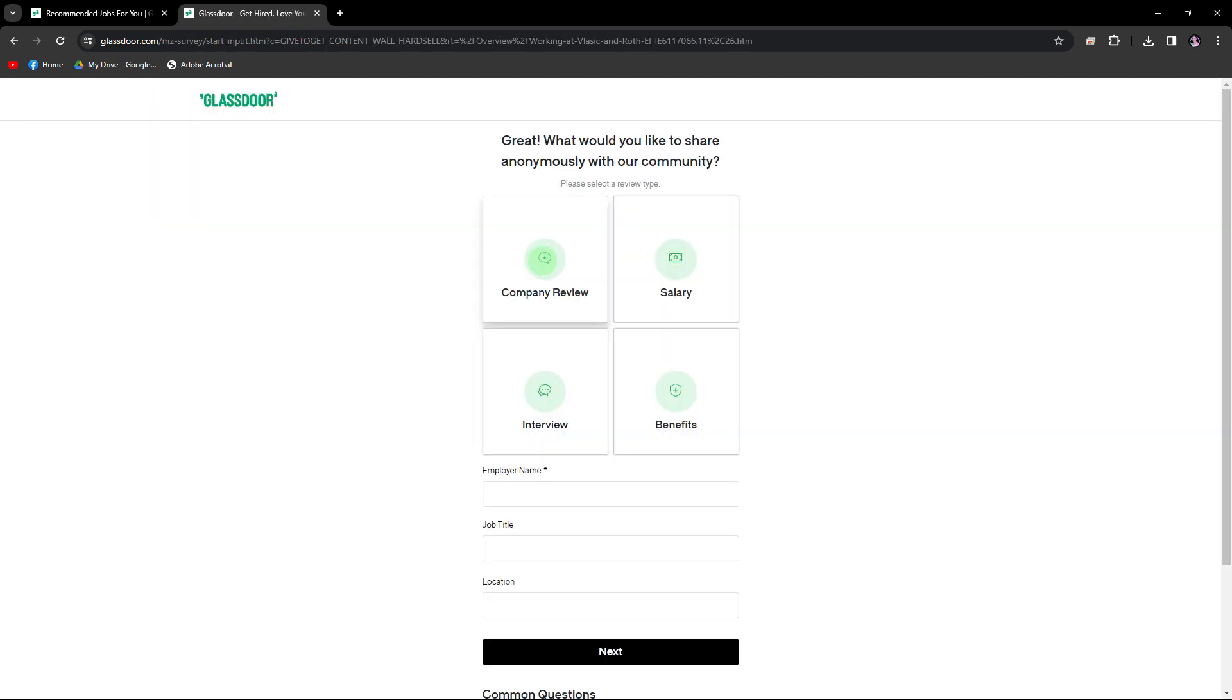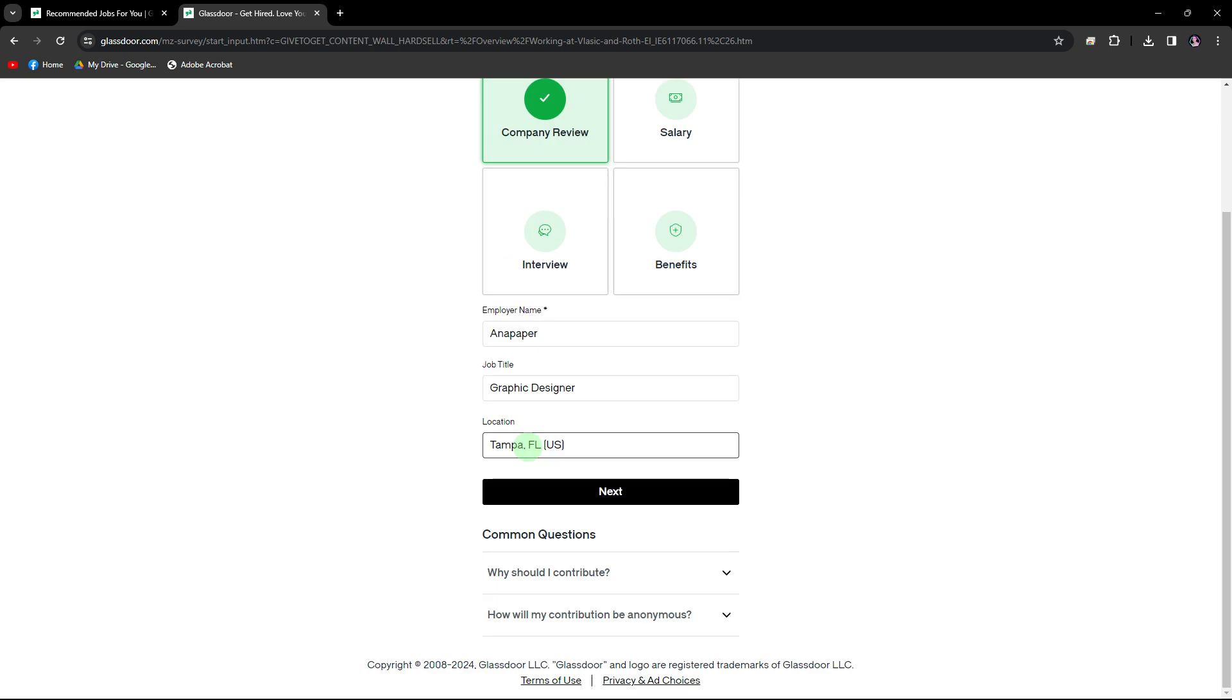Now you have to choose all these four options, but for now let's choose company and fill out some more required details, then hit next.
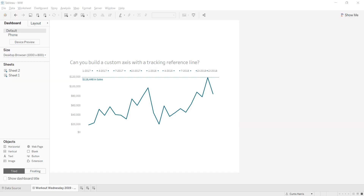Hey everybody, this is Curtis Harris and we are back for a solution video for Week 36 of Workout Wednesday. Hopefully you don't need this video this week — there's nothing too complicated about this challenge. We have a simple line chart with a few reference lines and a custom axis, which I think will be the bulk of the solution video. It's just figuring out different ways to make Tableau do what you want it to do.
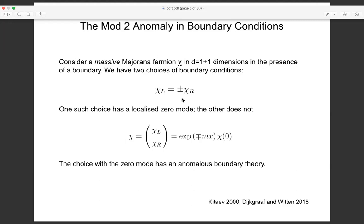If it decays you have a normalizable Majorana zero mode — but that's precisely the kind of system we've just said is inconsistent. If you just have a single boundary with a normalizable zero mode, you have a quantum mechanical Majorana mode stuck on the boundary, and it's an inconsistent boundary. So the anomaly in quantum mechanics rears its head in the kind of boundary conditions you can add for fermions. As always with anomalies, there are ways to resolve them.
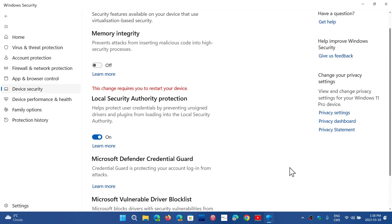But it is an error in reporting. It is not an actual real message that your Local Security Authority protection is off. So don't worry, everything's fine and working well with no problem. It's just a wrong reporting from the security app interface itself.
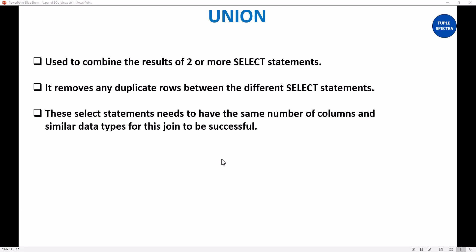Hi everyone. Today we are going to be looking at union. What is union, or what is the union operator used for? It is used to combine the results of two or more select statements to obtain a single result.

•••••

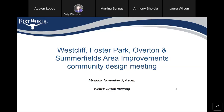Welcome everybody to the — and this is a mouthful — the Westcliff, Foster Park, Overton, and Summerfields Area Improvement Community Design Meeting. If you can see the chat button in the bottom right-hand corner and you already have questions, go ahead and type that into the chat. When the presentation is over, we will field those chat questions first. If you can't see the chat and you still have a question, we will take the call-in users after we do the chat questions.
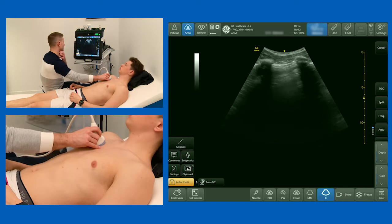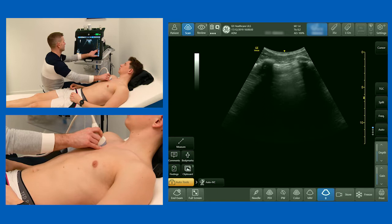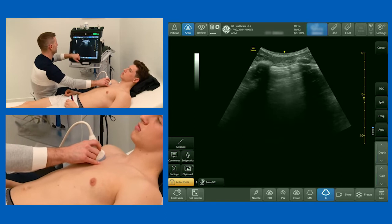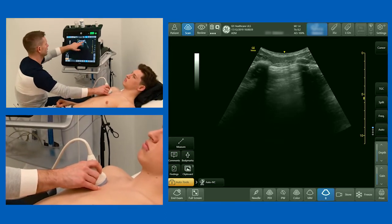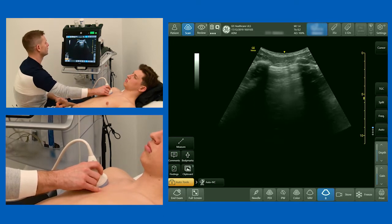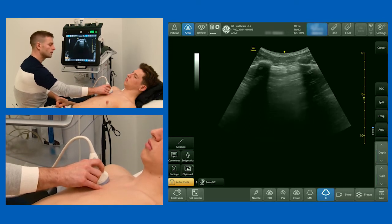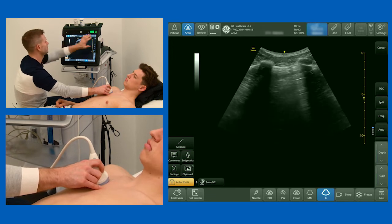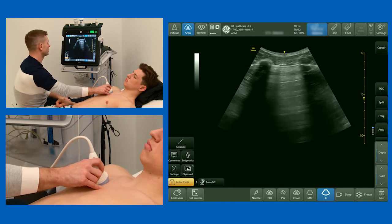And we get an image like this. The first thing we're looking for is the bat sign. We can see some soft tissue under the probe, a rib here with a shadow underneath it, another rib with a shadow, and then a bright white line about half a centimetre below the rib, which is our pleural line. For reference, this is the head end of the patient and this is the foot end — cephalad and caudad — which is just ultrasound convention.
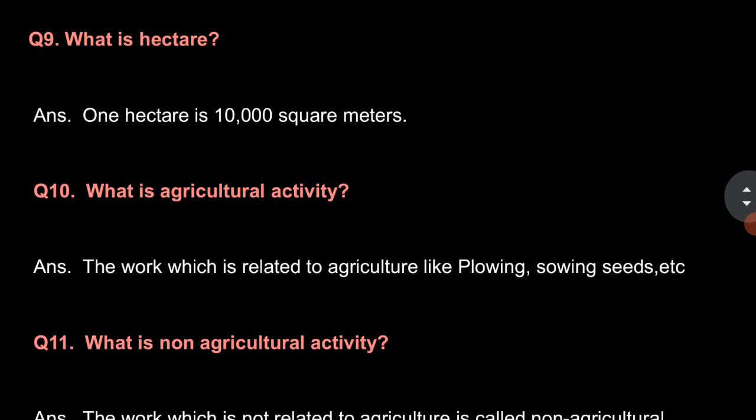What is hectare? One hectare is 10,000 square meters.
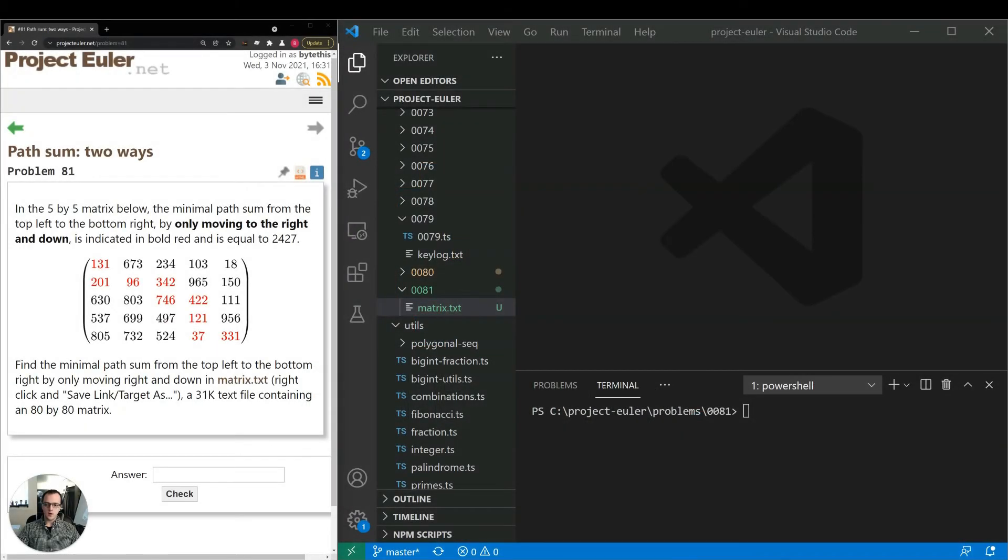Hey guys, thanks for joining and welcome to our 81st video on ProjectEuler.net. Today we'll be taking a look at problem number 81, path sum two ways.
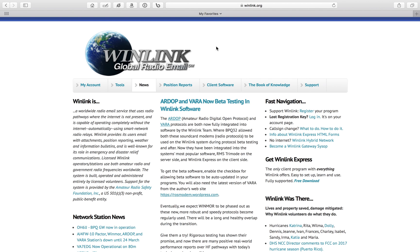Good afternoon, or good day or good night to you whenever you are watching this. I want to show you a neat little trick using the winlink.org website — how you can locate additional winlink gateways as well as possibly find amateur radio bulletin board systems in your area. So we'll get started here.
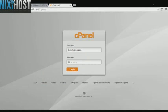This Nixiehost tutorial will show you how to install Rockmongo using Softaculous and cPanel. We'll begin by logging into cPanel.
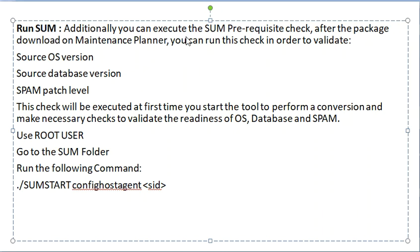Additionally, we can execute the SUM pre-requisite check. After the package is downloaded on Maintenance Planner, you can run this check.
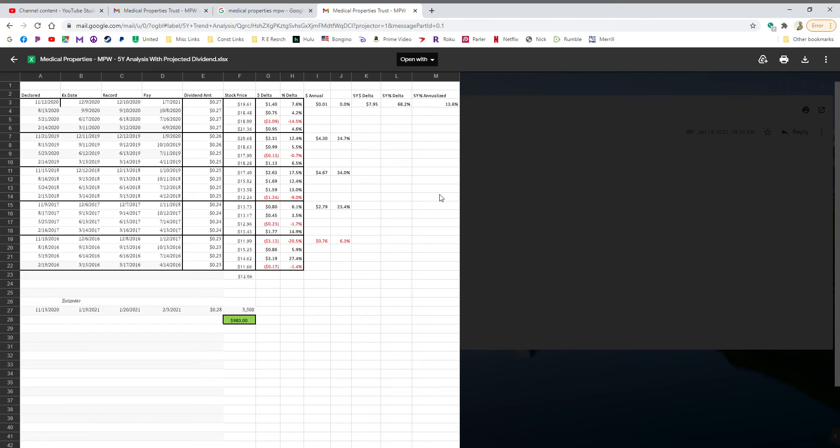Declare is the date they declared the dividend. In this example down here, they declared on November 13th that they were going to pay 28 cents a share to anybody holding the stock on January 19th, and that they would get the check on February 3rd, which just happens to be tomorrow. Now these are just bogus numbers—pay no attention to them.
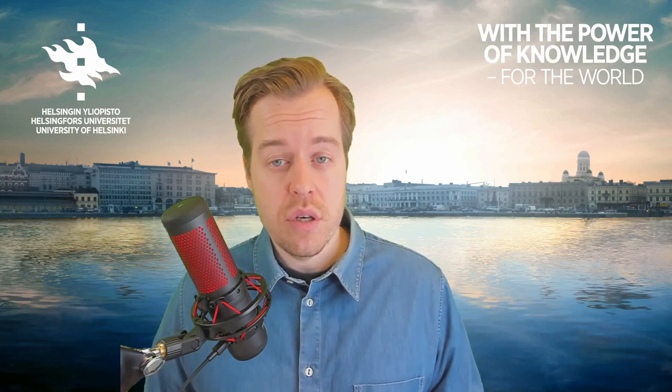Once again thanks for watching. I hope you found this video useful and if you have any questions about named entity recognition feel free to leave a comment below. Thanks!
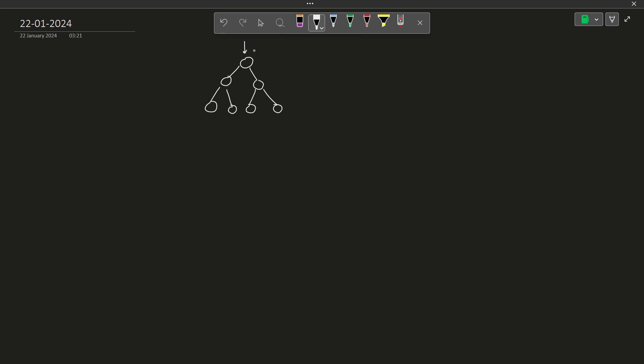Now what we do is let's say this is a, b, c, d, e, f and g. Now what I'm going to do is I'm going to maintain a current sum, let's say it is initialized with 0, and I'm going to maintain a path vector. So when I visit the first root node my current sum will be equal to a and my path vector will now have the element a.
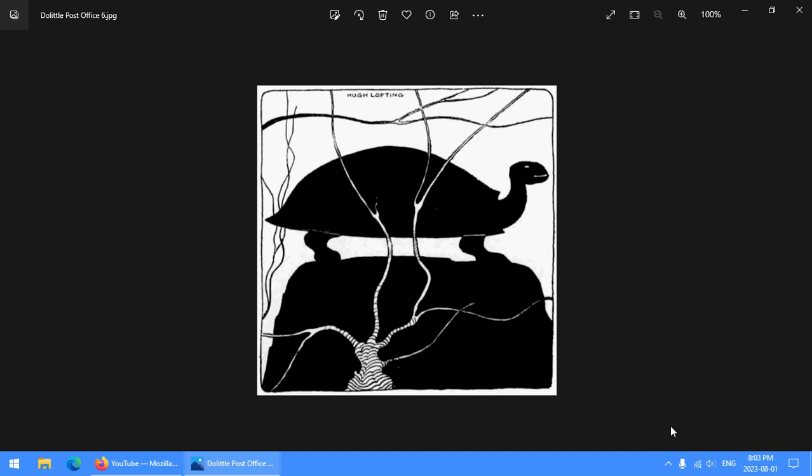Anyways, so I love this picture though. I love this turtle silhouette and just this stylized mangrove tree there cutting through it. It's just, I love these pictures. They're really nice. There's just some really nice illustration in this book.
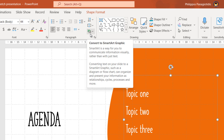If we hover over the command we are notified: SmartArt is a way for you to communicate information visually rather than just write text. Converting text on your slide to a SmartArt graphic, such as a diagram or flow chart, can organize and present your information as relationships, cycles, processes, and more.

•••••

Task objective -
Transcribe exactly the lines above, beginning at the one with "Now you have" and going up to and including the one with "Hey everybody, this". Pictures do not belong in the copy.

Exercise output -
Now you have to choose all these four options, but for now let's choose company and fill out some more required details, then hit next.
Hey everybody, this is Curtis Harris and we are back for a solution video for Week 36 of Workout Wednesday. Hopefully you don't need this video this week — there's nothing too complicated about this challenge. We have a simple line chart with a few reference lines and a custom axis, which I think will be the bulk of the solution video. It's just figuring out different ways to make Tableau do what you want it to do.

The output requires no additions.